This semester I've been a fiction reader for my grad school's literary magazine. I've read dozens of stories and given my thoughts (i.e., Yes, No, Maybe, followed by a brief synopsis of why) on whether they're fit for publication.
Sometimes the story just doesn't agree with me. I'm not gonna go into more detail that what follows, but I was in a snarky mood today and this story made me snarkier. This is what I wrote in response.
"No. And if there were a "Hell No" option on the dropdown menu, I would select that. In a word, WTF? The author is too cute for his or her own good. The unorthodox writing style could work if there were an actual story here. Instead, it's just a group of people preparing for a party in which an acquaintance has unexpectedly decided to attend.
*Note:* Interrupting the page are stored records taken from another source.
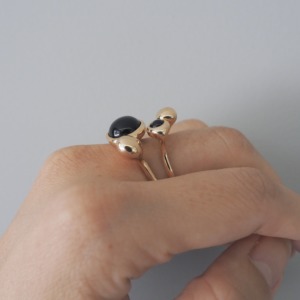 MONICA CASTIGLIONI AP-PISTILLI-04A / Bronze, Onyx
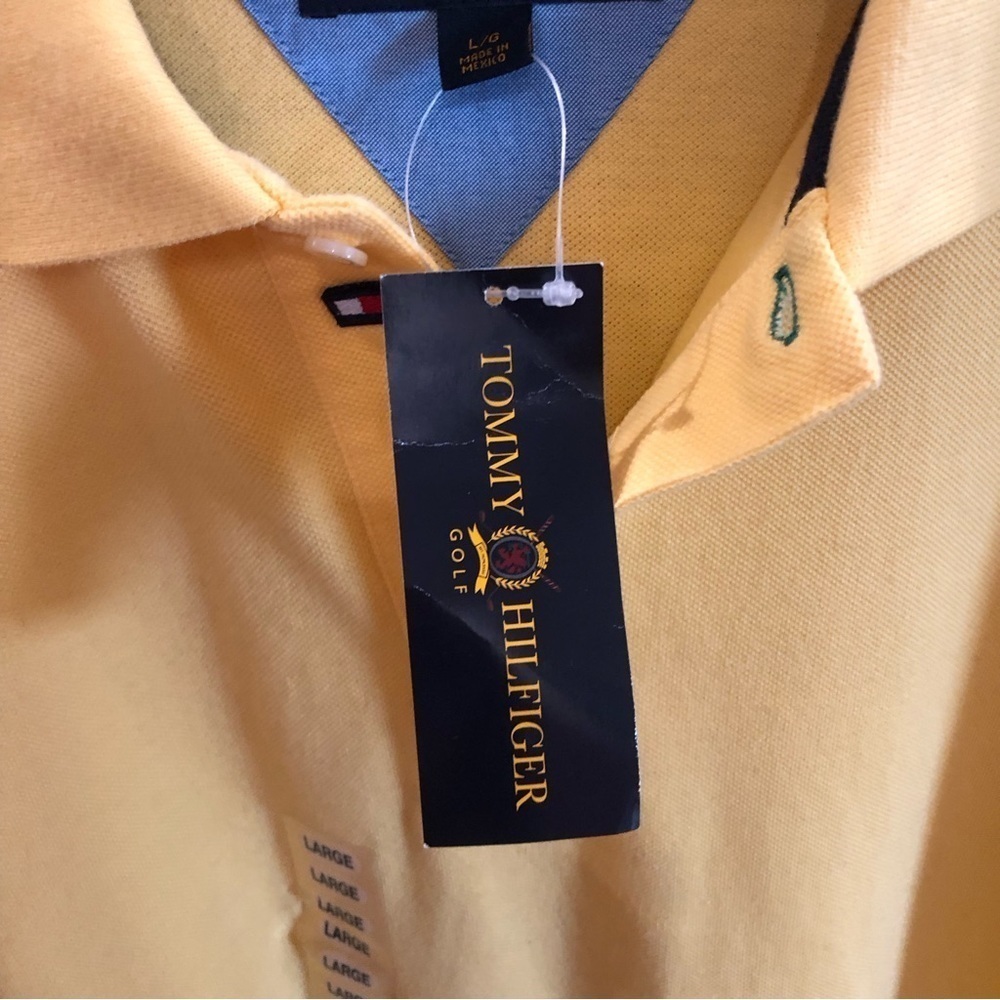 Tommy Hilfiger Golf/ NWT/ Men’s Polo size Large/ Yellow - Picture 3 of 9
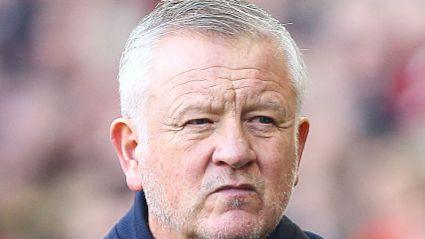 Sheffield United boss Chris Wilder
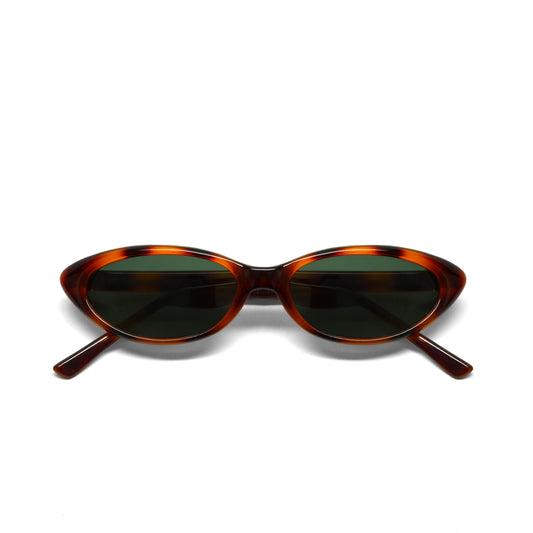 //Style 19// Vintage Small Size Benatar Triangle Sunglasses - Brown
And in the meantime, the author takes the annoying steps of stopping the story to introduce him or herself to me personally, interrupting the story to bore us with two long and clunky poems, making a ridiculous analogy about a conversation being like Pearl Harbor, and ending the story with random, disconnected snippets of dialogue from the party. Extra points deducted for not double-spacing (hence the demotion from "No" to "Hell No"). Sure, some of the lines in this story are creative. But someone needs to sit this author down and explain that a story is more than cutting and pasting random lines of text together. The sum of its parts has to add up to a cohesive whole. Now that I'm all riled up, I'm gonna go outside and kick someone's ass."
I don't know. Maybe if I had read it on a different day, I'd have been more inclined to like it.
Phil:
ReplyDeleteIs "hell no" worse or better than "flatulent"?
"Hell No" and "Flatulent" are not mutually exclusive. Actually I wouldn't say this story was flatulent. It was frustrating; there were some good lines in it, but they got overshadowed because the author was trying to hard to impress us; it was coy to the point of nausea. But it's just my opinion. Who knows, the other readers may like it.